And we've hedged of course, years ago and had success at it but we worked pretty carefully and bide our time. So that's where we are.
And the next question comes from the line of Bertrand Donnes with Truist. Please proceed with your question.
Morning, guys. On the capital program on the 2024 comments in the prepared remarks, you noted that you could see additional drops if maybe service costs come down from here.
Could you maybe just touch on what the 10% drop includes? Does it use kind of a full year '23 average and then applies it to '24.
Is it maybe, what you're expecting for the end of the year and then dragging that forward? And then just want to give you a chance one of your peers is starting to talk about '25.
So is there anything that would prevent you from maybe holding that 10% drop into '25 or what it looks like out there?
Yes. So just holding today's cost in the '24 flat no service cost or reductions are incorporated in that.
It's because of our capital efficiency and the well productivity and we grew 5% year-over-year. It's actually maintained that you need about 100000 less lateral feet.
And so when you do the math on that that's the 10% reduction just at today's costs. So '24 is down that 10% without any service cost help.
'25 is actually lower than '24 because as we continue to be at maintenance capital our declines, our natural declines continue to decline as well as you add more and more base and get little less steep production unless lat [ph]. So '25 was below '24 right now.
So extremely capital-efficient program continues to improve. And you can see that in our production growth at the same capital and you'll see it in '24 and '25 with lower capital amounts.
That's great. And then just second one is maybe to talk about your potential LNG strategy.

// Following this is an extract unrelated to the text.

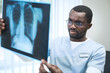 © Mediaphotos - Concentrated young Afro-American doctor in eyeglasses and uniform analyzing CT scan of chest of coronavirus patient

Does a tolling agreement make sense for Antero? Or are you seeing anything any other structures that maybe would work best for your approach to maybe capture some of the international pricing?
Yes. We have 75% of our production that goes to the LNG corridor.
So we have so much exposure to that pricing down there and they're such a large market player in order to attract our gas just even on a spot basis really is going to be a lot of competition and really going to result in a pretty significant premium we think surprising. So that's our exposure non-earning [ph] to these, we of course evaluate all agreements but you're talking really small volumes and really big commitments.
I think that one million tons is about a $2 billion commitment over the time frame and that's for like 100 million a day. So we don't have to make those commitments.
We already have all the transport and all the production that gets down to the Gulf. So we'll get exposure to sort of spot pricing and then having to compete to buy our gas.
Sounds good. Thanks, guys.
Our next question comes from the line of David Deckelbaum with TD Cowen. Please proceed with your question.
Thanks for the time guys and the answers today. Mike, I think this first one is for you.
I just wanted to dig in a little bit on just the CapEx progression into 2024. I think we all understand you're not including cost deflation.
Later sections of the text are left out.